Quando alguém pesquisa “VPN”, deseja encontrar exatamente a solução para VPN, e não um documento de cinquenta páginas contendo dezenas de assuntos diferentes.

Além disso, artigos específicos são muito mais eficientes para SEO e para mecanismos de busca baseados em Inteligência Artificial, pois respondem claramente uma intenção de pesquisa.

Outro benefício importante é a manutenção, sempre que um procedimento mudar, apenas aquele artigo específico precisará ser atualizado.

2. Escrita clara e concisa

Um dos maiores desafios da documentação técnica é encontrar o equilíbrio entre precisão técnica e facilidade de compreensão, o objetivo de um artigo não é demonstrar o quanto o autor domina determinado assunto.

Seu verdadeiro propósito é permitir que outra pessoa consiga executar corretamente aquele procedimento.

Por isso, a linguagem deve ser objetiva, organizada e livre de ambiguidades, sempre que possível, utilize frases curtas, evite parágrafos enormes, explique cada etapa em sequência lógica, prefira verbos no imperativo, como:

“Abra o Painel de Controle.”

“Selecione Configurações.”

“Clique em Salvar.”

“Reinicie o equipamento.”

Em vez de escrever:

“O usuário deverá proceder à abertura do Painel de Controle para posteriormente realizar a configuração necessária…”

Basta escrever:

“Abra o Painel de Controle e selecione Configurações.”

Além disso, é importante evitar excesso de jargões quando o público-alvo não for composto exclusivamente por profissionais de TI.

Lembre-se: um excelente artigo técnico é aquele que consegue explicar assuntos complexos de forma simples, sem perder a precisão.

Albert Einstein já dizia que, se você não consegue explicar algo de maneira simples, provavelmente ainda não compreendeu totalmente o assunto.
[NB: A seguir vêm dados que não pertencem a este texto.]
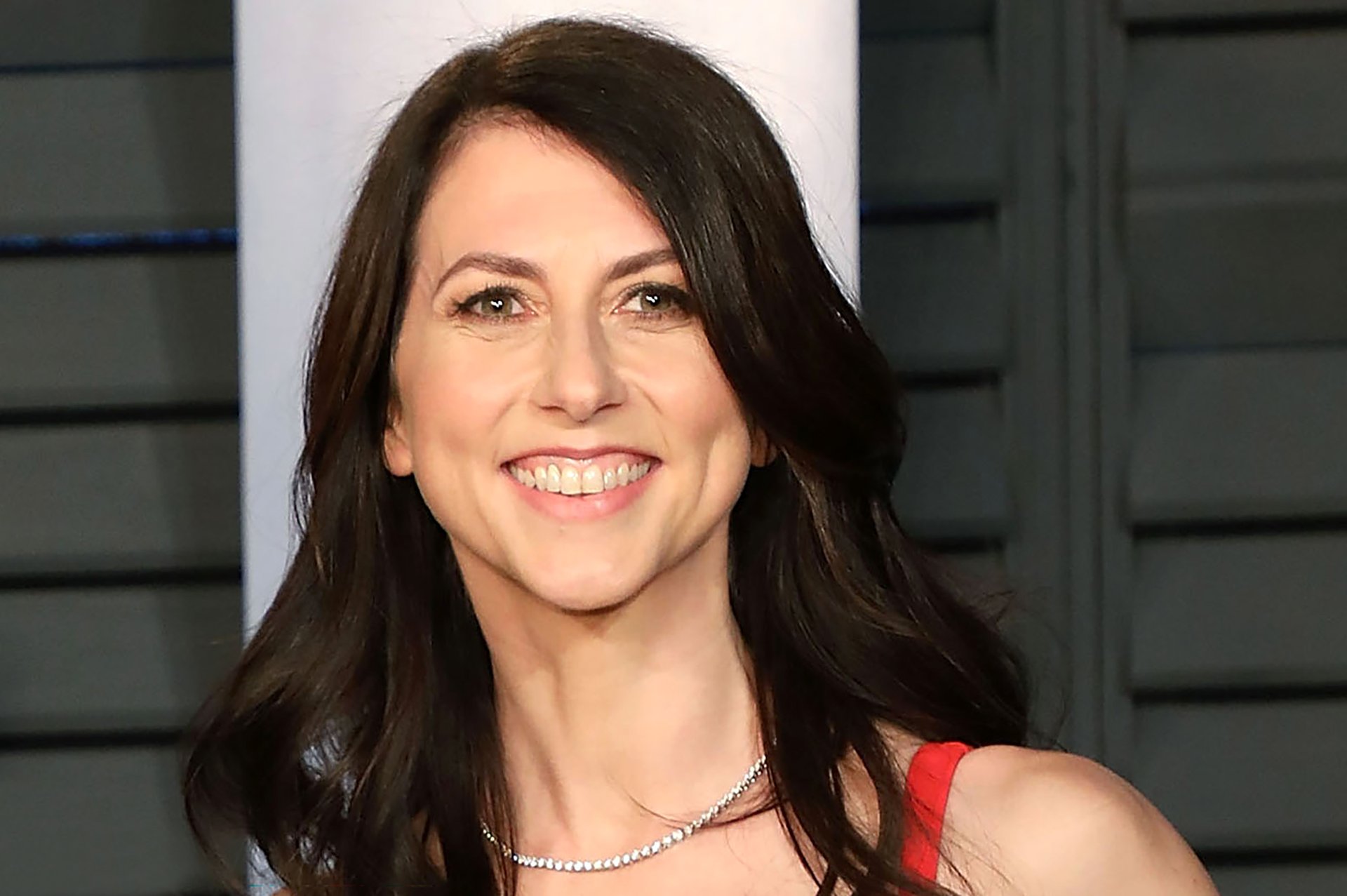 Její dobročinné akce většinou neprovází žádné prohlášení, natož aby bylo nějak výrazně politicky zabarvené. ( MacKenzie Scott, 2018)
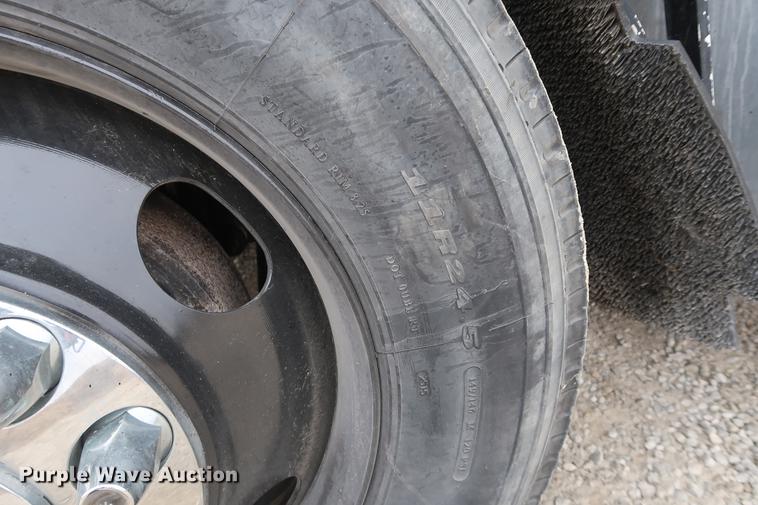 image for item DF3542 1994 Freightliner FLD112 semi truck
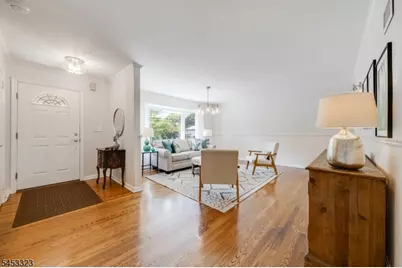 11 Claremont Ave, Livingston, NJ 07039 - Photo 9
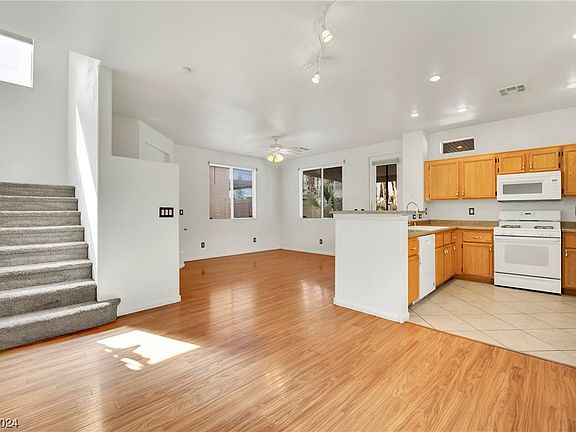 4th image of 5217 Rock Cabin Ct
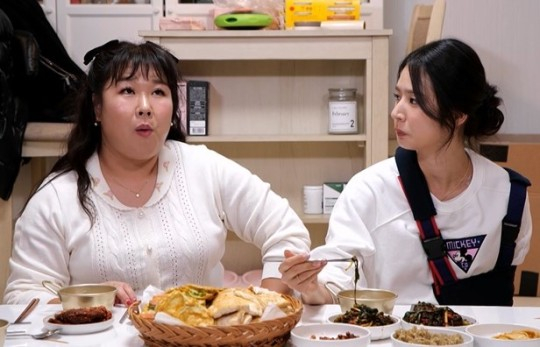 김민경이 송병철과 커플연기를 할때 이성으로 좋아했다고 밝혀 관심이 모아졌다. /사진='사장님 귀는 당나귀 귀' 제공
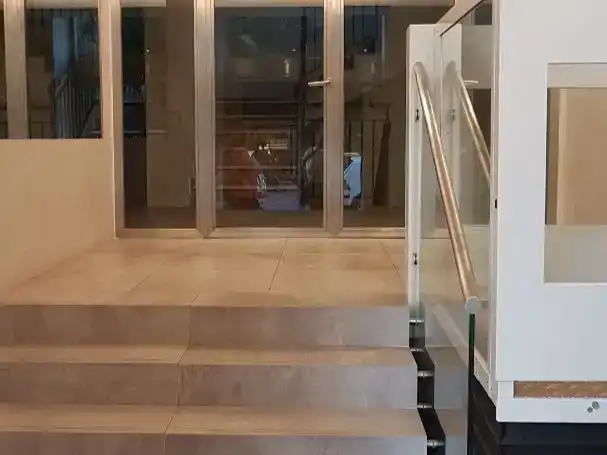 Piso en  Avenida Pablo Picasso 28 - Foto 3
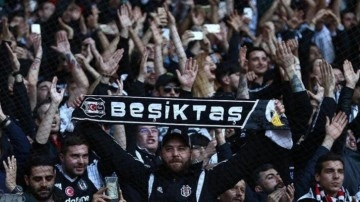 Beşiktaş taraftarından yönetime protesto!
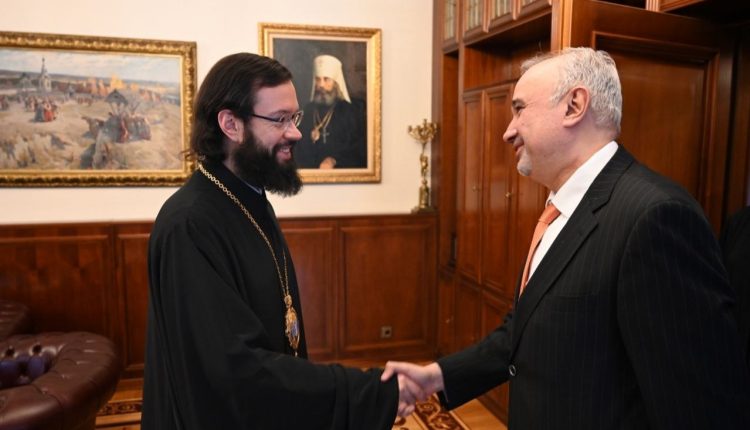 Συνάντηση-Μητροπολίτη-Βολοκολαμσκ-με-τον-Πρέσβη-του-Πακιστάν-στη-Ρωσία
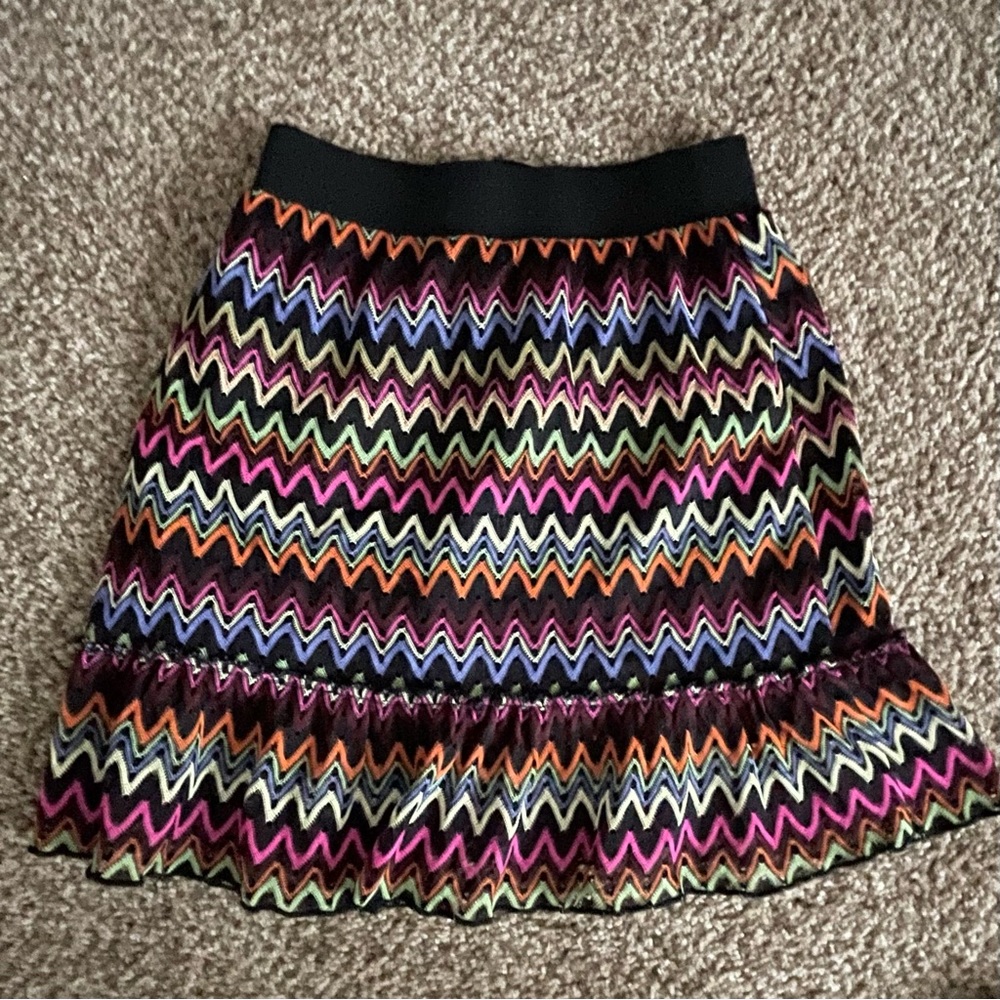 Girl Friends by Anita’s, Girls Size 12, Black Skirt w/multicolor chevron pattern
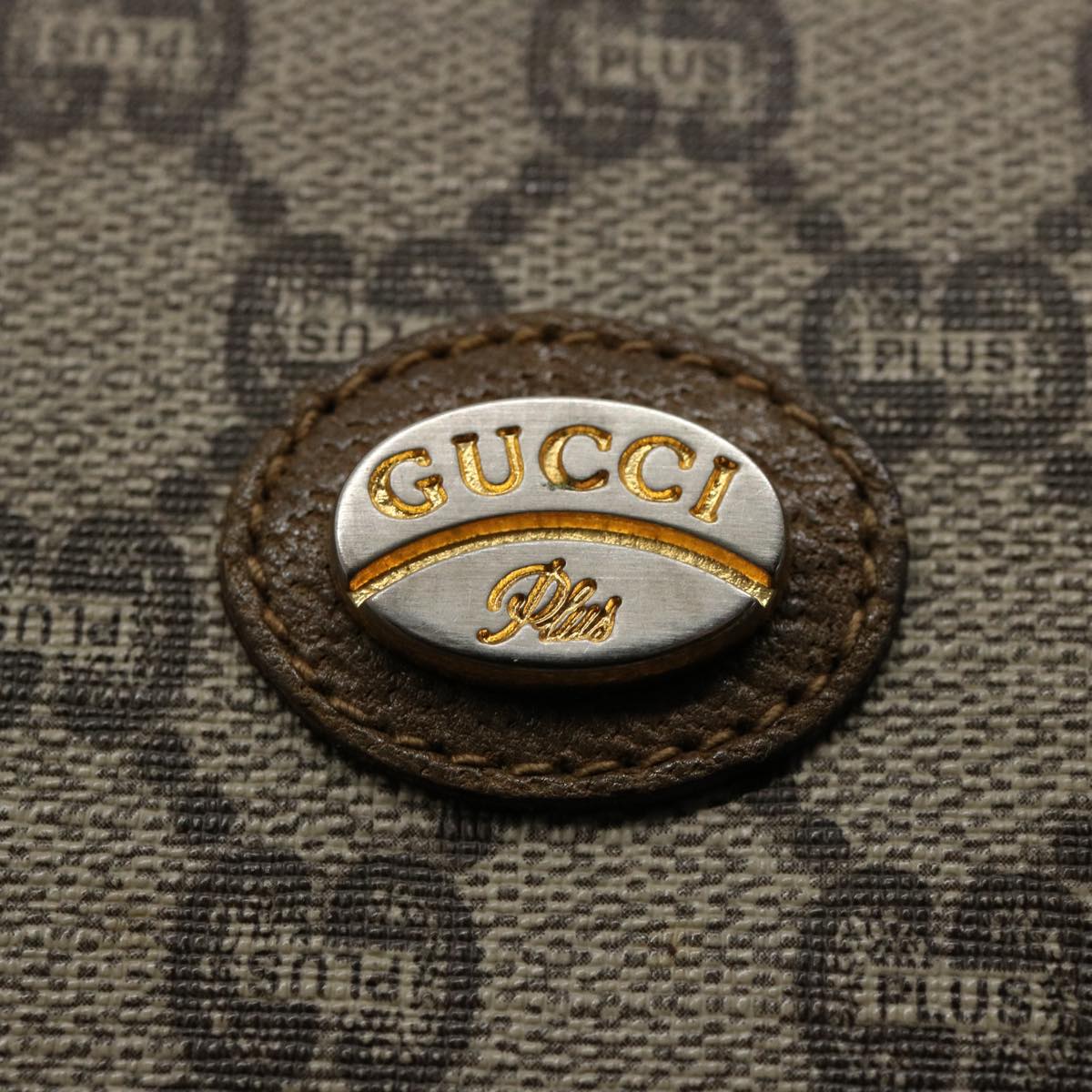 GUCCI GG Plus Supreme Clutch Bag PVC Leather Beige ki3866
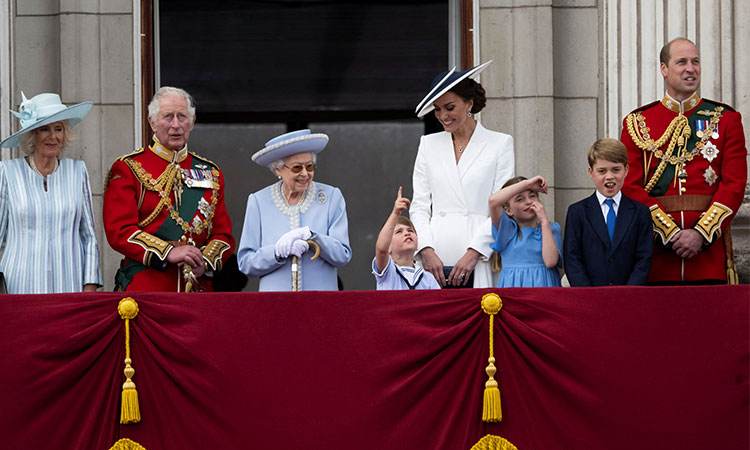 VIDEO: Beaming Queen Elizabeth waves to cheering crowds as Platinum Jubilee celebrations begin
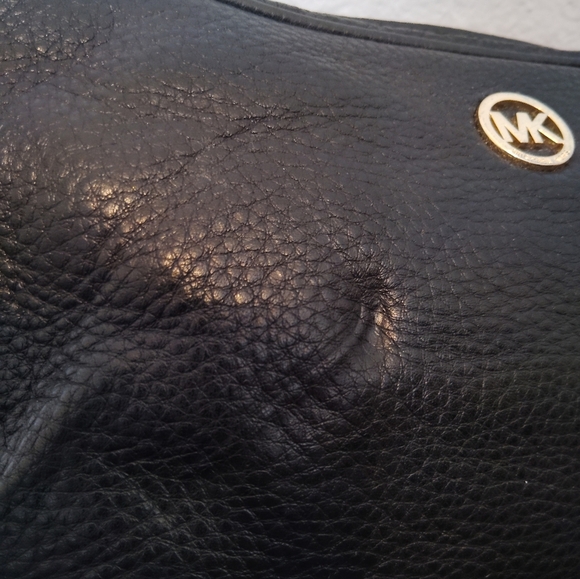 Michael Kors Crossbody Gold Chain Strap Black Leather - Picture 4 of 16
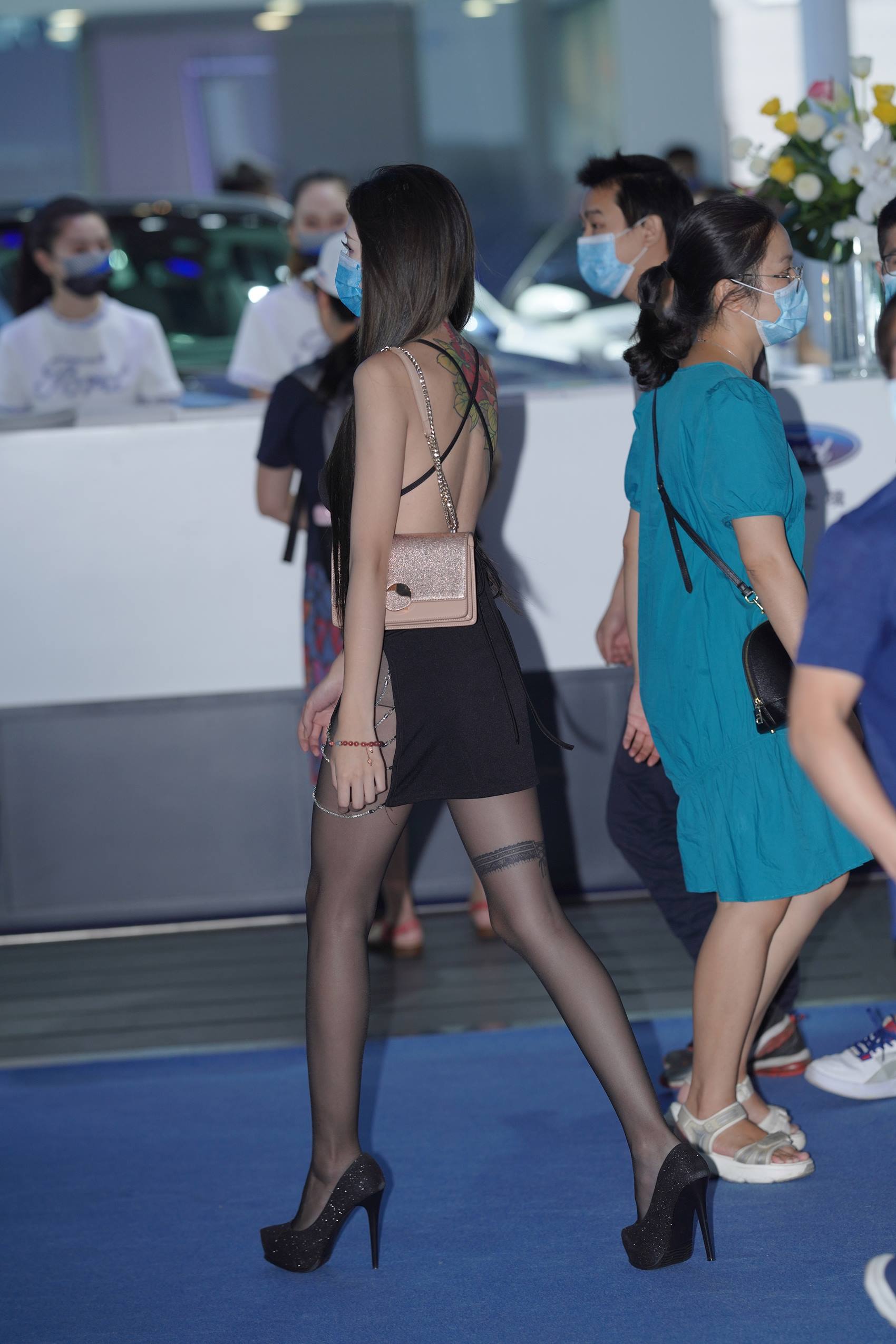 图片[7]-精选精选街拍作品 NO.1885 黑丝长腿逛车展[84P]-草丛看图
Embora ele não estivesse falando sobre Help Desk, a frase continua fazendo bastante sentido.

3. Formato bem estruturado.

A estrutura visual de um artigo influencia diretamente sua usabilidade, poucos usuários leem um documento inteiro, na maioria das vezes, eles procuram rapidamente uma informação específica.

Por isso, um bom artigo deve ser escaneável, entre os elementos que facilitam essa leitura estão:

  • Título objetivo, deixando claro qual problema será resolvido.
  • Resumo inicial, explicando rapidamente o objetivo do procedimento.
  • Pré-requisitos, quando houver necessidade de permissões específicas, softwares instalados ou credenciais.
  • Passo a passo numerado, organizado de forma lógica.
  • Observações importantes, destacando possíveis riscos.
  • Erros comuns, indicando como solucioná-los.
  • Conclusão, confirmando o resultado esperado.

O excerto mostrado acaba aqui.